Listed on the National Register of Historic Places, Apollo Theater is one of the oldest and most famous music halls in the US, and the most famous club associated almost exclusively with African-American performers. Billing itself as a place “where stars are born and legends are made”, the Apollo became famous for launching the careers of such artists as Ella Fitzgerald and Billie Holiday.
The theatre is located in Harlem, one of the United States’ most historically significant, traditionally African-American neighbourhoods. For many years, the Apollo was the only theatre in New York City to hire black people.
Ella Fitzgerald made her singing debut at 17 at the Apollo, on November 21, 1934. Her performances pulled in a weekly audience at the Apollo and she won the opportunity to compete in one of the earliest of its “Amateur Nights”. She had originally intended to go on stage and dance, but intimidated by the Edwards Sisters, a local dance duo, she opted to sing instead. She sang Hoagy Carmichael’s “Judy” and “The Object of My Affection”, a song recorded by the Boswell Sisters, and won the first prize of $25.
The Apollo Theater also elevated the careers of James Brown, Diana Ross & The Supremes, Gladys Knight & the Pips, The Jackson 5, Patti LaBelle, Marvin Gaye, Luther Vandross, Stevie Wonder, Aretha Franklin, Ben E. King, Mariah Carey, The Isley Brothers, Lauryn Hill and Sarah Vaughan. Jimi Hendrix won the first place prize in an amateur musician contest at the Apollo in 1964.
The place also featured the performances of old-time vaudeville favourites like Tim Moore, Stepin Fetchit and Johnny Lee, as well as younger comics like Godfrey Cambridge.
One unique feature of the Apollo during Amateur Nights was “the executioner,” a man with a broom who would sweep performers off the stage if the highly vocal and opinionated audiences began to call for their removal.

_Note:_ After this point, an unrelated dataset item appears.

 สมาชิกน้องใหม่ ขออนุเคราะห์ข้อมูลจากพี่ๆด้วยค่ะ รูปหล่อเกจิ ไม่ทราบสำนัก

The Apollo Hall was founded in the mid 19th century by former Civil War General Edward Ferrero as a dance hall and ballroom. The Apollo grew to prominence during the Harlem Renaissance of the pre-World War II years. The decades of 1960s and 1970s were tough for the club but in the mid 1980s, its glory has been restored.
Upon the expiration of Ferrero’s lease in 1872, the building was converted to a theatre, which closed shortly before the turn of the 19th to 20th century. Around 1914, a new building opened, called Hurtig and Seamon’s New (Burlesque) Theater. It was operated by noted burlesque producers Jules Hurtig and Harry Seamon, who obtained a 30-year lease.
The Apollo grew to prominence during the Harlem Renaissance of the pre-World War II years. In 1934, it introduced its regular Amateur Night shows hosted by Ralph Cooper. The next decades were marked by the performances of contemporary stars and those then unknown, who would later became great music stars. The club fell into decline in the 1960s and 1970s, and was converted to a cinema in 1975. The Apollo was revived eight years later and re-opened in 1985. It obtained federal, state, and city landmark status.
In December 2005, its refurbishment started, costing an estimated $65 million. The first phase included the façade and a new LED canopy. The launch event was attended by, among others, former US president Bill Clinton, New York Mayor Michael Bloomberg and Time Warner CEO Richard Parsons.